Authorised investment business firms and stock exchange member firms which receive, hold, control or pay out client money or client investment instruments are subject to the revised requirements. The New Rules therefore will apply across a number of industries including investment intermediaries, stockbrokers and other investment firms including fund administrators.

Key features of the new rules
Key features of the New Rules include clarification of some terminology, the creation of new definitions, the introduction of certain New Rules and in many cases a tightening up of the 1996 Rules.

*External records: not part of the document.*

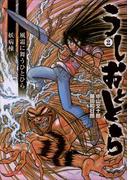 うしおととら2　風霜に舞うひとひら／妖病棟（イラスト完全版）(ガガガ文庫)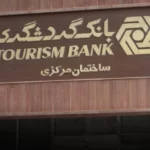 بانک گردشگری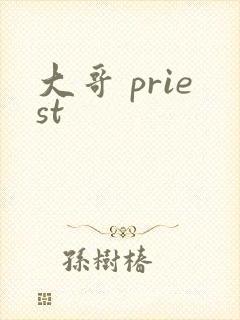 大哥 priest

The term ‘client assets’ is used throughout the New Rules to include both client money and client investment instruments. However, the terms ‘client money’ and ‘client investment instruments’ continue to be defined separately in the New Rules. The change in terminology was made in the interests of clarity to confirm that both money and investment instruments belonging to clients are subject to the same level of regulation. There appeared to be a perception in the past that the rules applied to client money only.

The new rules
A set of 11 General Principles has been added to the beginning of the New Rules, which outlines and summarises the underlying obligations imposed on firms. The principles deal with the a variety of areas including holding client assets on behalf of and for the benefit of the firm’s clients, segregation, registration, timely lodgement, satisfactory systems of control and timing of cessation of monies as client money.

It is worth noting that the New Rules are broadly drafted and not overly prescriptive and this is not advantageous for firms when seeking to apply them. Many terms and phrases are used in the New Rules are not defined and little guidance is provided to assist in interpreting them. General Principle 8 which provides that ‘firms must be open and fair with clients in relation to their client accounts’, is a case in point as no guidance or assistance is provided in interpreting this statement.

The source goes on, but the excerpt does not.